- Task objective: In the data below, restate exactly the lines from the one with "Tableau déco paysage" to the final line, both included, but not the pictures.

- Supplied information:
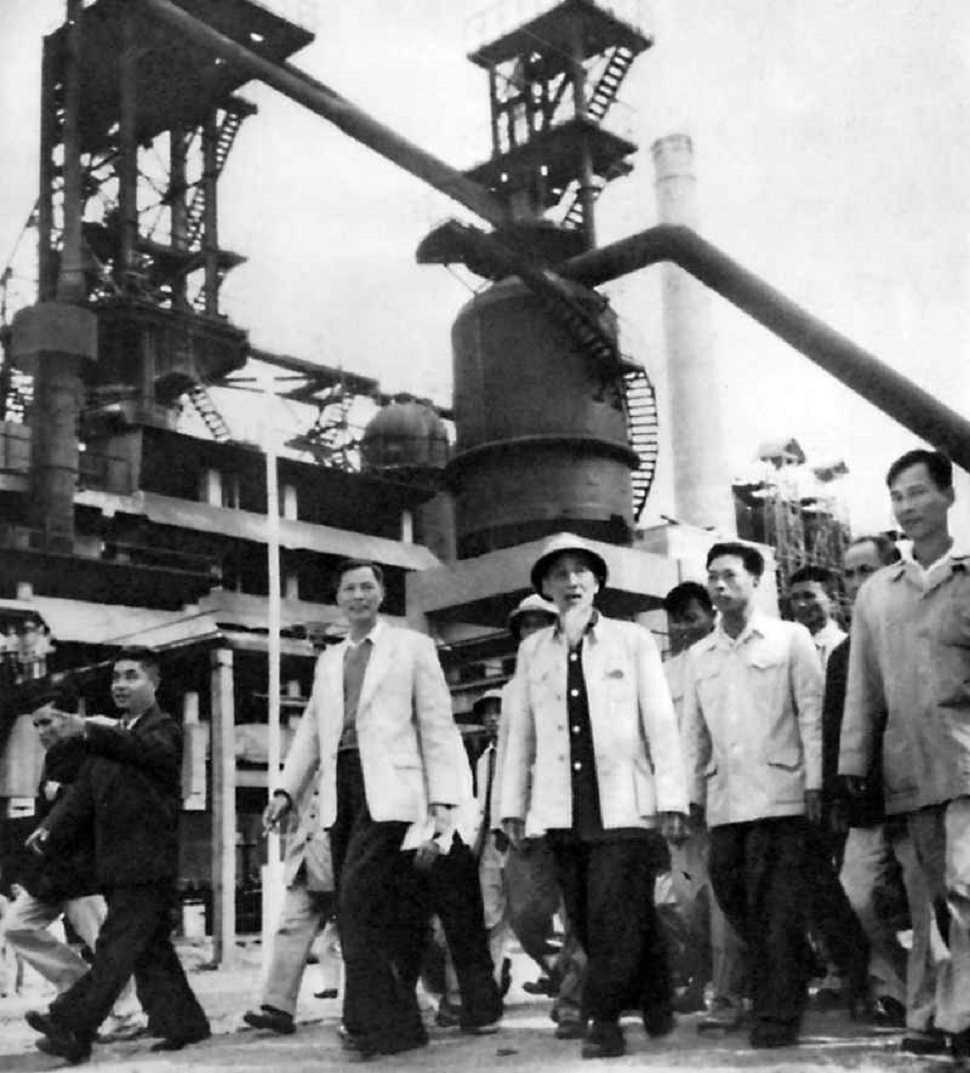         Bác Hồ về thăm Khu Gang thép Thái Nguyên năm 1964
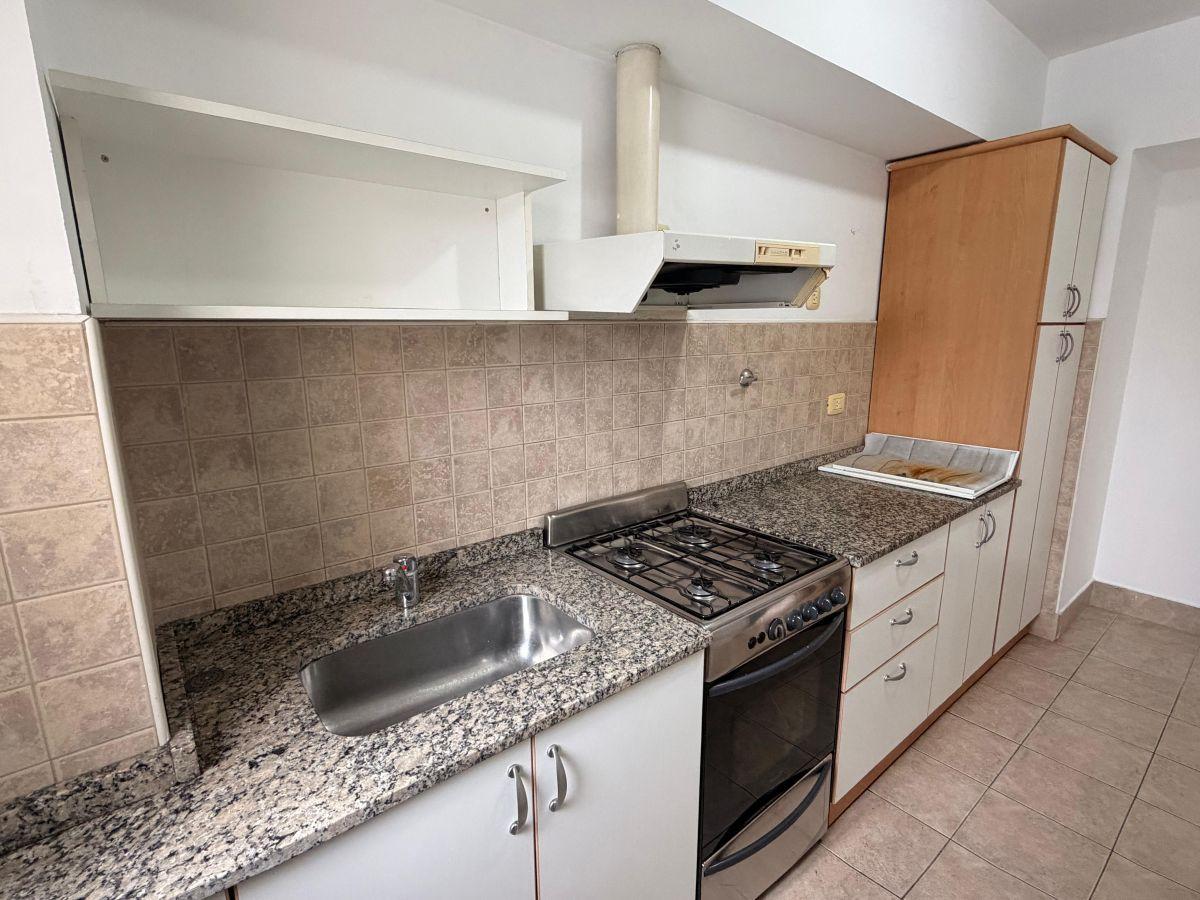 Foto de HERMOSO DEPARTAMENTO DE DOS AMBIENTES A PASOS DE PLAZA BROWN, imagen 3
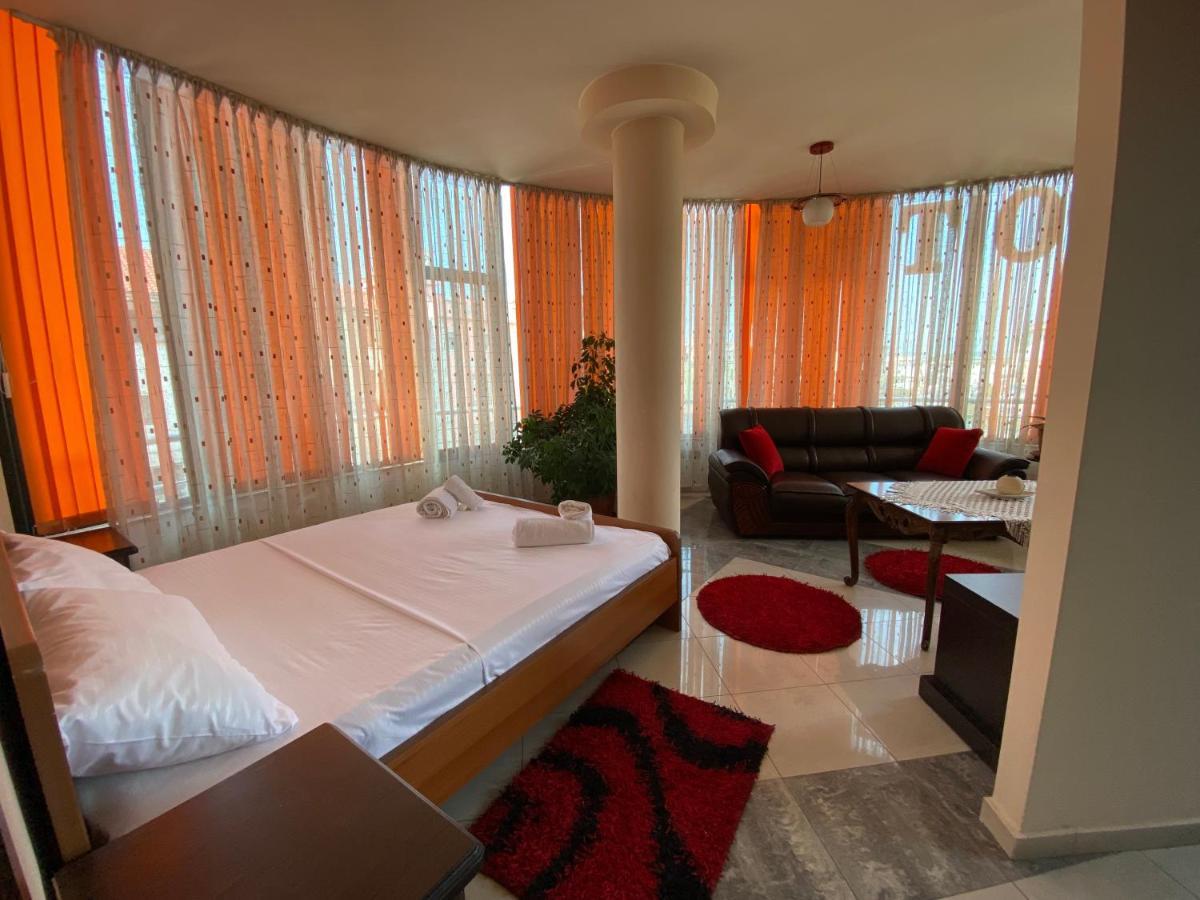 Hotel W Bush Square Fushe-Kruje Eksteriør billede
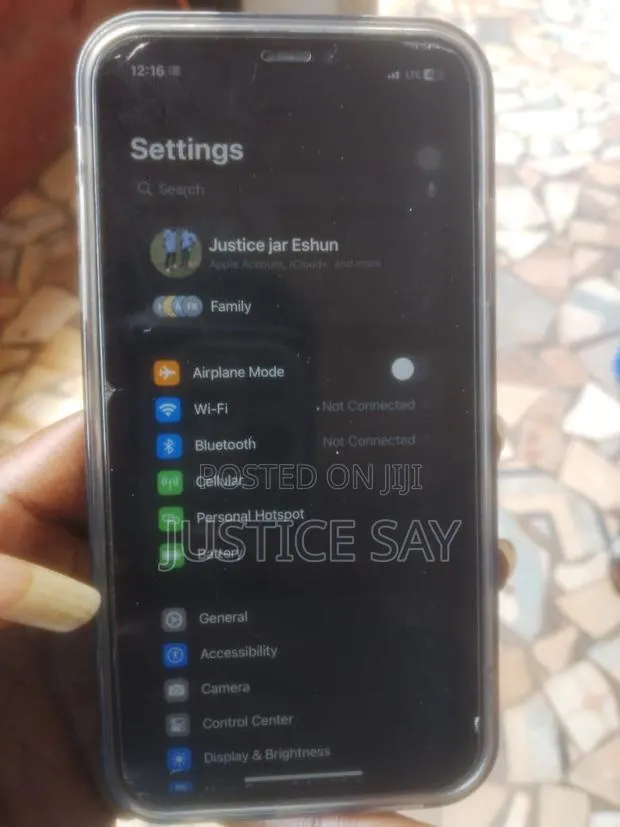 Apple iPhone 11 64 GB Gray · Photo 1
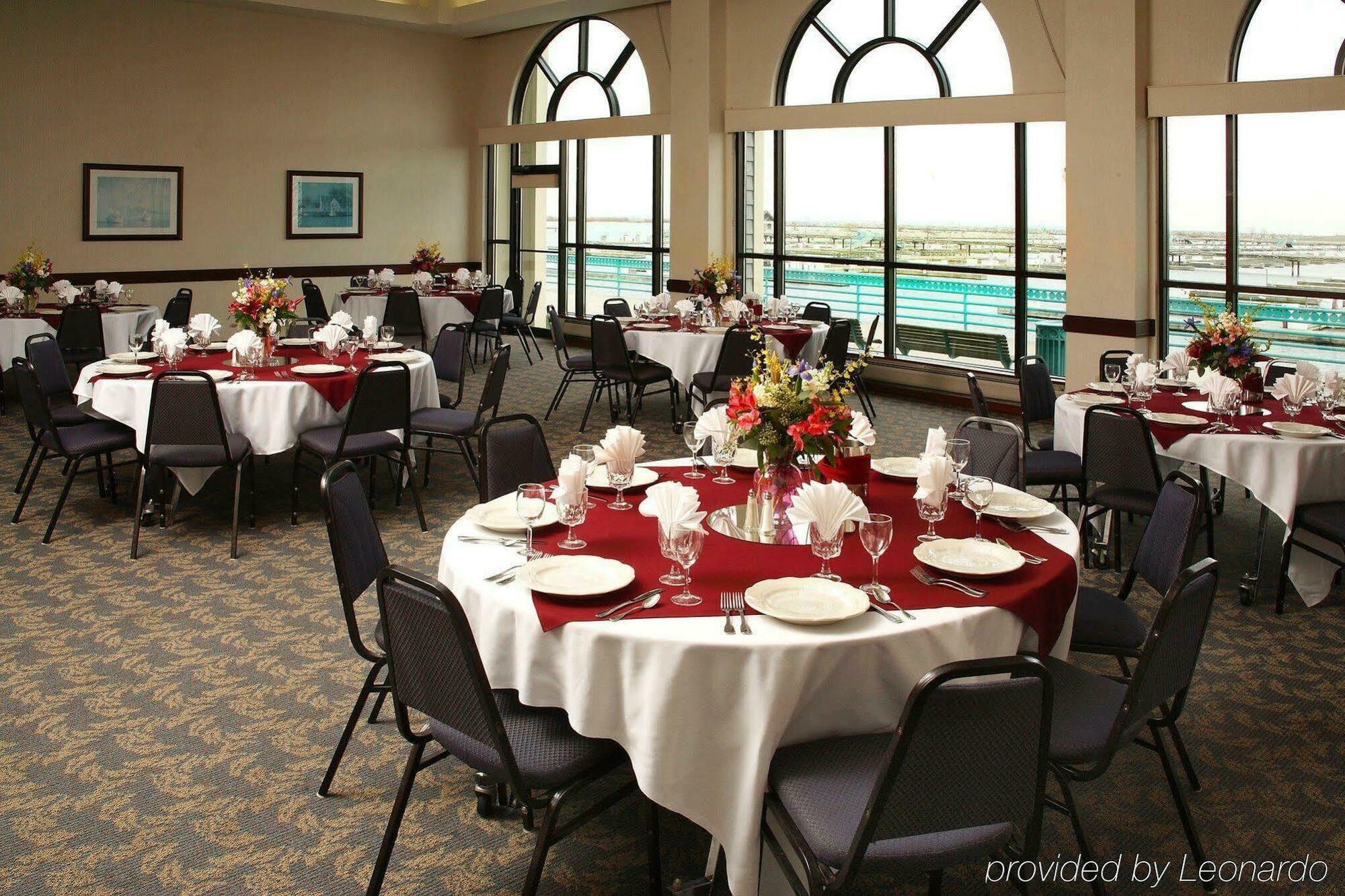 Doubletree By Hilton Racine Harbourwalk Hotell Restaurang bild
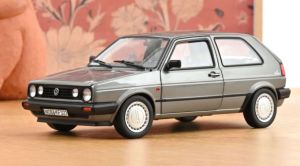 NOREV188564 - VOLKSWAGEN Golf Champion 1990 Grijs Metallic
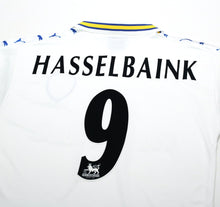 Load image into Gallery viewer, 1998/00 HASSELBAINK #9 Leeds United Vintage PUMA Home Football Shirt (S)
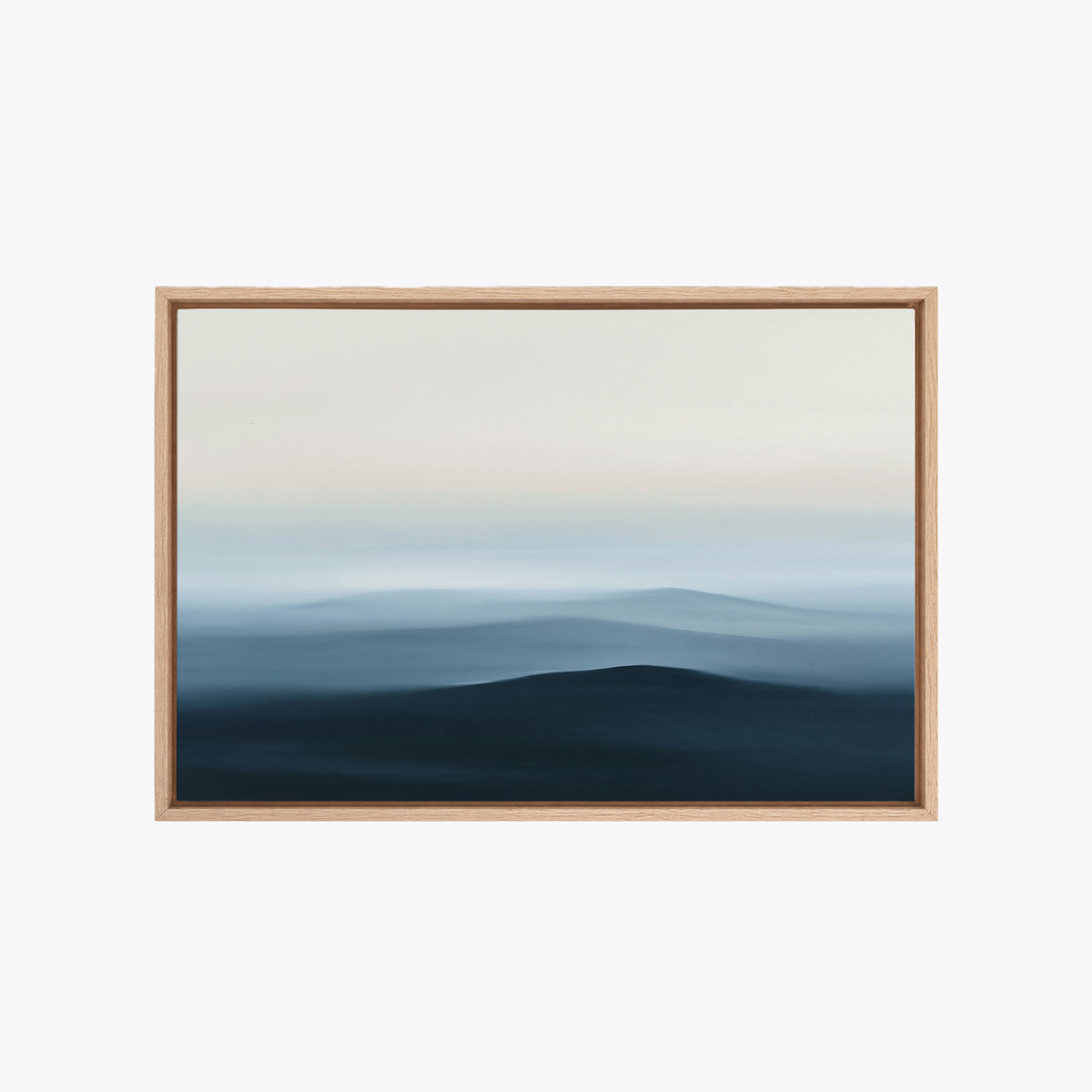 Tableau déco paysage encadré en chêne clair, vue de face, crêtes bleues superposées dans un dégradé brumeux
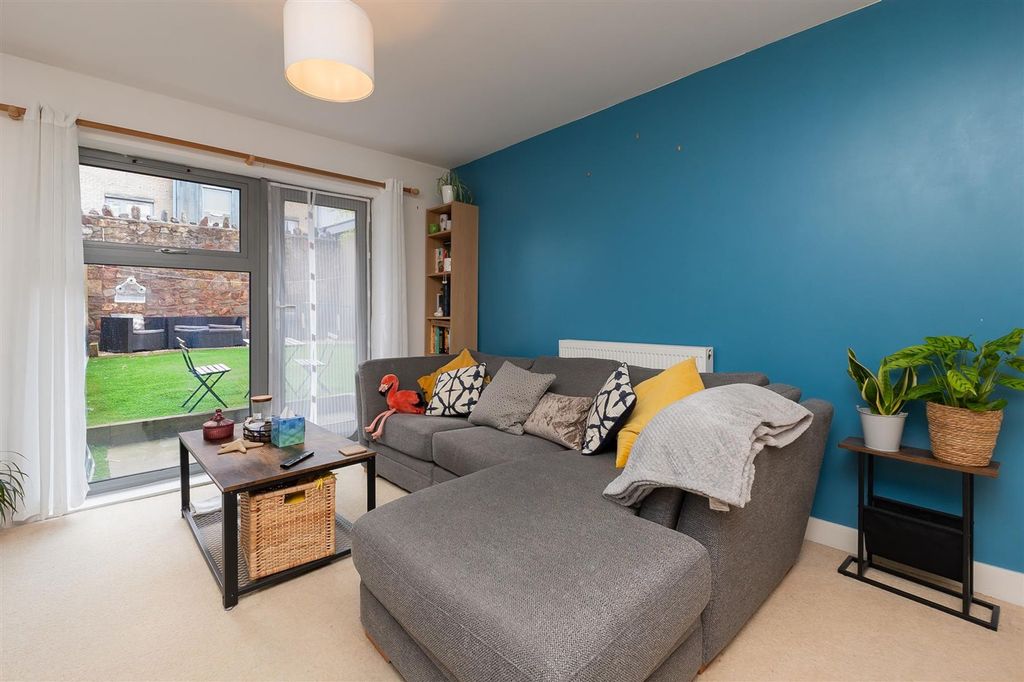 Property photo 3 of 23 29-Tallavera-Close-Bs2-0Ed-17.Jpg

- Exercise output:
 Tableau déco paysage encadré en chêne clair, vue de face, crêtes bleues superposées dans un dégradé brumeux
 Property photo 3 of 23 29-Tallavera-Close-Bs2-0Ed-17.Jpg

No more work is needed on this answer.